Earlier, she’d posted, “Advertising that gets specific about vaginal health has a tendency to disappear…”
She speaks from experience. And yes, Wisp’s latest OOH ads, now up in Soho in downtown NYC, feature three eyeball-arresting red-and-white panels. One says, “We love healthy vaginas.” Another features an abstracted pixilated vagina in red, with the Wisp logo over it. The third reads, “Get vaginal care faster than this ad will be censored.”
And yes, previous ads were “disappeared.”
That recalls the infamous “lactating cookie” incident in Times Square this past May. The double standards involved were mind-blowing.
In a place known for extremely provocative, body-revealing ads for both men and women, a digital billboard for lactation cookies -- a recipe to stimulate milk production that chef Molly Baz developed in partnership with the breastfeeding start-up Swehl -- was in rotation.
Baz was photographed standing with her pregnant belly, sporting a sequined bikini bottom, holding large enough cookies up over her breasts to cover them. “Just Add Milk,” said the tag line.
The ad was supposed to run over the week leading up to Mother’s Day, playing for the first minute of every hour. But by Thursday, it was pulled.
A Clear Channel representative said the ad violated “guidelines on acceptable content.” It was replaced with another image of a more-covered-up Molly. The original was funny, open, full of energy, and hardly X-rated. It was far more memorable than the second.
So, presently in some billboard advertising circles, a sexualized breast is allowed to run, no problem, but a nursing or lactating boob is censored and shamed. The start-up Seed later gave Swehl its own billboard space to run the original, and it was restored.

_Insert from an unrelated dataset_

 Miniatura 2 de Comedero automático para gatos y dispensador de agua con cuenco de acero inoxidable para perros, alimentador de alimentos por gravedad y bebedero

Back to Wisp. “Vaginal health should be a normalized part of our overall wellbeing and Wisp campaigns will always reflect that,” Dwork said. “These campaigns and creative approaches are meant to normalize the conversation and bring it to the forefront, rather than allowing it to disappear due to roadblocks.”
Wisp is clever to advertise the possible censorship within its own ad, to get attention, gather press coverage, and no doubt attract people who’ll steal its ads as collector’s items.
But by being transparent about getting the message out, Wisp is not only supporting the right to get uncensored healthcare information in ads, but also standing up for women’s vaginal health education in general.